Instant Clusters use dedicated high-bandwidth network interfaces for inter-node communication, separate from the management interface used for external traffic.

| Interface       | Purpose                                                                                                       |
| --------------- | ------------------------------------------------------------------------------------------------------------- |
| `ens1` - `ens8` | High-bandwidth interfaces for inter-node communication. Each interface provides a private network connection. |
| `eth0`          | Management interface for external traffic (internet connectivity).                                            |

Instant Clusters support up to 8 high-bandwidth interfaces per node. The `PRIMARY_ADDR` environment variable corresponds to `ens1`, which enables launching and bootstrapping distributed processes.

<Warning>
  Do not use `eth0` for inter-node communication. The 172.xxx IP addresses on `eth0` are reserved for internet connectivity only and will result in connection timeouts for distributed workloads.
</Warning>

## NCCL configuration

[NCCL](https://developer.nvidia.com/nccl) (NVIDIA Collective Communications Library) handles GPU-to-GPU communication in distributed training. You must configure NCCL to use the internal network interfaces.

### Required configuration

Set the `NCCL_SOCKET_IFNAME` environment variable to use the internal network:

```bash theme={"theme":{"light":"github-light","dark":"github-dark"}}
export NCCL_SOCKET_IFNAME=ens1
```

By default, `NCCL_SOCKET_IFNAME` uses all available interfaces. However, explicitly setting it to `ens1` ensures NCCL uses the high-bandwidth internal network.

<Warning>
  Without this configuration, nodes may attempt to communicate using external IP addresses in the 172.xxx range, which are reserved for internet connectivity only. This will result in connection timeouts and failed distributed training jobs.
</Warning>

### Debugging NCCL

To troubleshoot multi-node communication issues, enable NCCL debug logging:

```bash theme={"theme":{"light":"github-light","dark":"github-dark"}}
export NCCL_DEBUG=INFO
```

This outputs detailed information about NCCL's network discovery and communication attempts, helping identify configuration issues.

## Troubleshooting

### Connection timeouts during distributed training

**Symptom:** Training jobs fail with connection timeout errors between nodes.

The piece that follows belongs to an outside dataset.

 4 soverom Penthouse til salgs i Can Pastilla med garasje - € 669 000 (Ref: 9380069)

**Cause:** NCCL is attempting to communicate over the external network interface (`eth0`) instead of the internal interfaces (`ens1`-`ens8`).

**Solution:** Set the `NCCL_SOCKET_IFNAME` environment variable:

```bash theme={"theme":{"light":"github-light","dark":"github-dark"}}
export NCCL_SOCKET_IFNAME=ens1
```

### Nodes cannot find the primary node

**Symptom:** Worker nodes fail to connect to the primary node during initialization.

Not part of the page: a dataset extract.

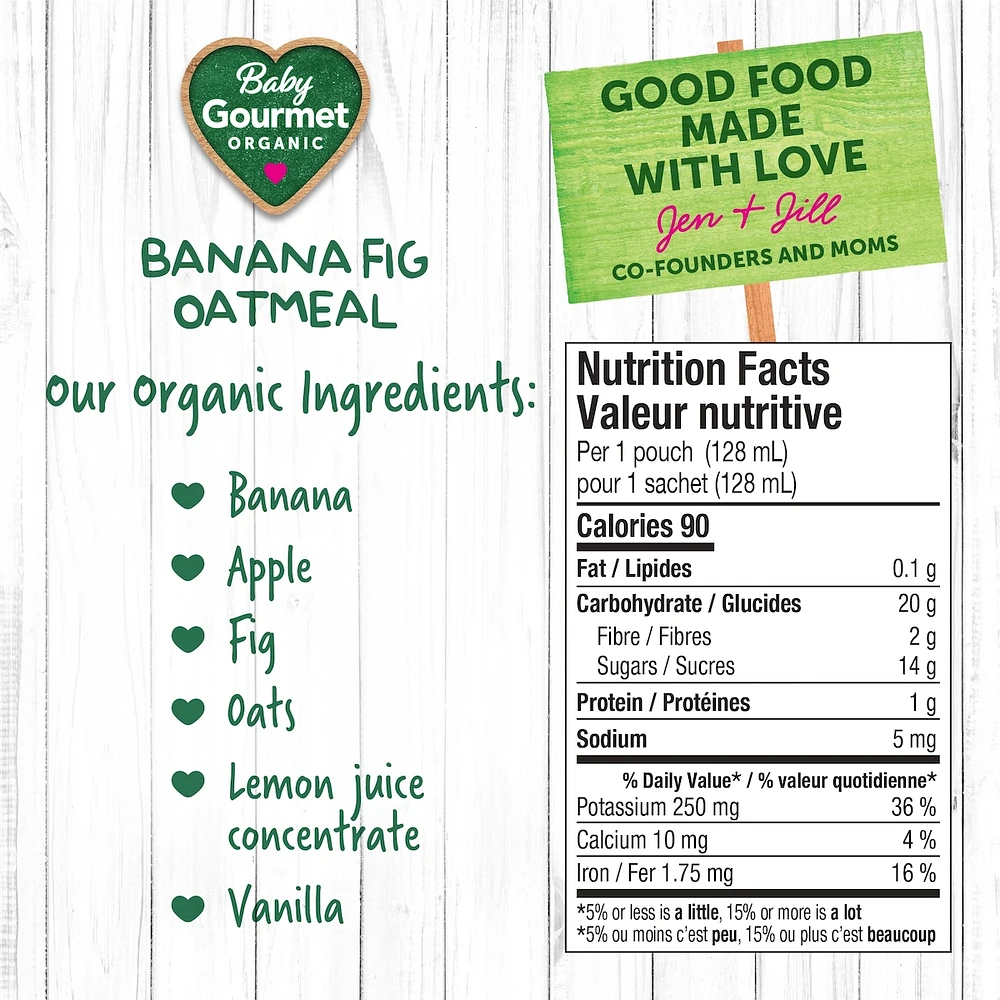 Banana Fig Oatmeal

**Cause:** The `PRIMARY_ADDR` or `MASTER_ADDR` environment variable is not being used correctly in your distributed training script.

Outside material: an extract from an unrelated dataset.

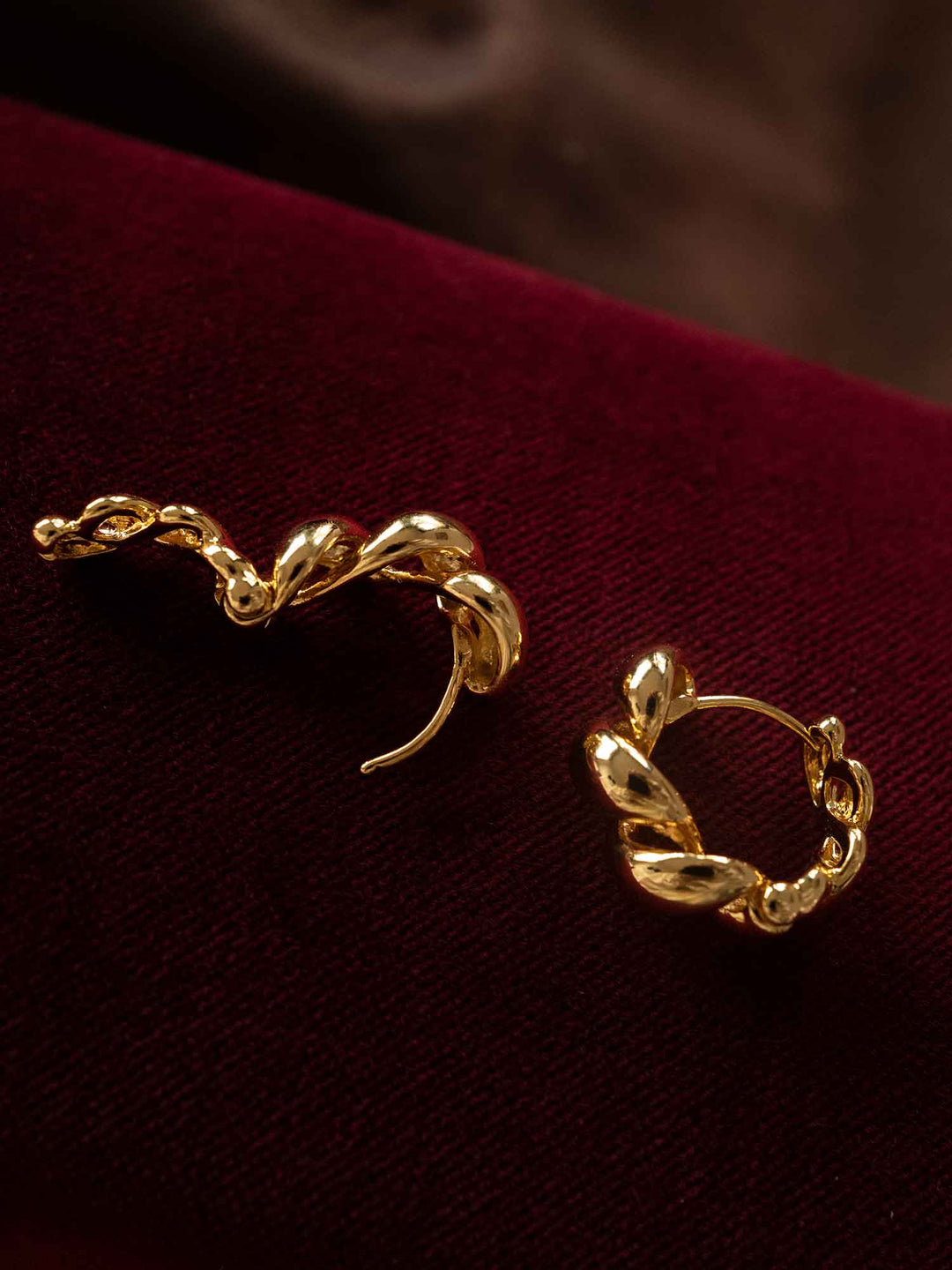 Jane Hoop Earrings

**Solution:** Verify your script uses the `PRIMARY_ADDR` environment variable for the rendezvous address. For PyTorch distributed training:

```python theme={"theme":{"light":"github-light","dark":"github-dark"}}
import os

master_addr = os.environ.get("PRIMARY_ADDR", "localhost")
master_port = os.environ.get("PRIMARY_PORT", "29500")
```

### Inconsistent training performance

**Symptom:** Training speed varies significantly between runs or degrades over time.

**Cause:** Network congestion or suboptimal NCCL configuration.

**Solution:**

1. Ensure all nodes are in the same data center (Runpod handles this automatically).
2. Enable NCCL debugging to identify bottlenecks: `export NCCL_DEBUG=INFO`
3. Verify your batch sizes are appropriate for the cluster size to maintain efficient GPU utilization.